Archbishop Migliore defined genocide as the "specific intent to destroy, in whole or in part, a nation, a race, an ethnic or religious group, a defenseless or vulnerable group of human beings, simply for being such. Indeed, genocide literally means to kill a race or a tribe."

Inaugurating the forum, U.N. Secretary-General Kofi Annan said the international community witnessed in the 1990s the "shameful" genocide in Rwanda and in former Yugoslavia.

Archbishop Migliore noted that, although the international community has adopted juridical instruments, these "have not prevented new genocides from happening."

"Something must have gone wrong, and the international community is duty-bound to examine why they failed," the archbishop said.

It is important, he added, "to determine whether the failure was due to instruments and structures which have become wanting in the face of evolving criminal strategies, or to a lack of political will to implement them, or to interests overriding the survival of a nation or a group, or to all these factors combined."

"This task is all the more compelling if we consider that, since genocide's intent to destroy a nation or a group implies coordinated planning and long-term strategy, signs of an impending threat could hardly escape notice of an attentive international community," Archbishop Migliore added.

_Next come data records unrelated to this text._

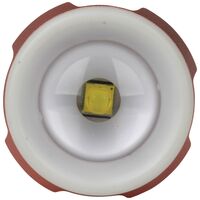 Rechargeable LED Torch with Worklight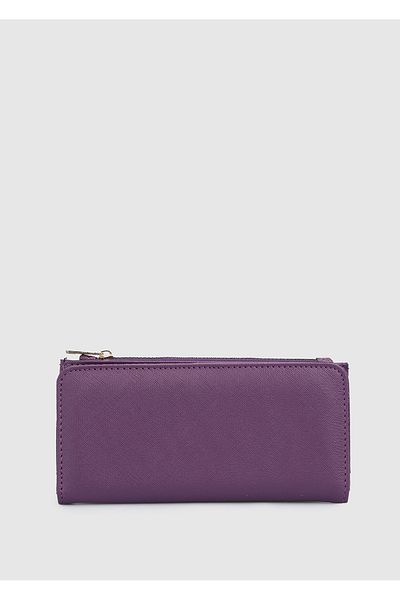 Provoq Provoq 505 Pr Purple Wallet - Purple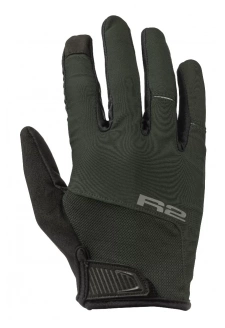 CYKLISTICKÉ RUKAVICE TANNER R2 ATR61C green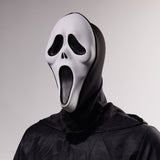 Scream The Movie Face Mask | Halloween Cosplay Costume Scream Movie Mask Prop-WickyDeez | Ben-WickyDeez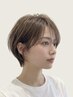 【3回目以降★ずっと綺麗が続く】2ヶ月崩れないカット+艶カラー+ツヤ補修TR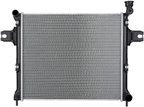 Spectra CU2840 Radiator - view 1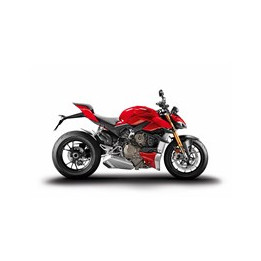 Model V4 naked (1:18) — réf. 987702821 | Ducati Store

"The United Nations and other international organizations have the task to muster international resolve to implement, whenever and wherever is necessary, the juridical instruments and structures," he said. "They are the privileged fora in the search for refocusing these instruments and structures and, if need be, in creating new ones, to make them more responsive to threats of genocide or other grave violations of human rights."

Archbishop Migliore underlined the "duty to educate individuals and communities, not only on the horrors of genocide, not only to oppose it, but above all, to prevent it from occurring again."

"Genocide remains, unfortunately, a constant menace in some regions of the world, where its causes and telltale signs may not be so hard to identify," the Holy See representative said.

"Genocide is latent in places where eliminating the other is considered a fast solution to drawn-out rivalries and unresolved conflicts; where blatantly unjust relations between groups are ideologically justified; where under the surface of apparent order are embers of hatred still burning for lack of mutual forgiveness and reconciliation; where acceptance of past mistakes and a 'purification of memory' are obstructed by the fear to confront the historical reality," he added.

"These are not only identifiable warnings of an impending threat of genocide," the prelate said. "If I may add, these are also identifiable factors in the breeding grounds of terrorism."

In the forum, Israeli professor Yehuda Bauer, academic adviser of the conference and of the Yad Vashem Institute in Jerusalem, said that genocide was the cause of 169 million deaths between 1900 and 1987.

A risk of genocide currently exists in Burma, Sudan, Burundi, Rwanda and in Kinshasa, the capital of Congo, Bauer said.

Representatives of more than 60 governments and international organizations participated in the forum, invited by Swedish Prime Minister Goran Persson. The three-day forum ended today.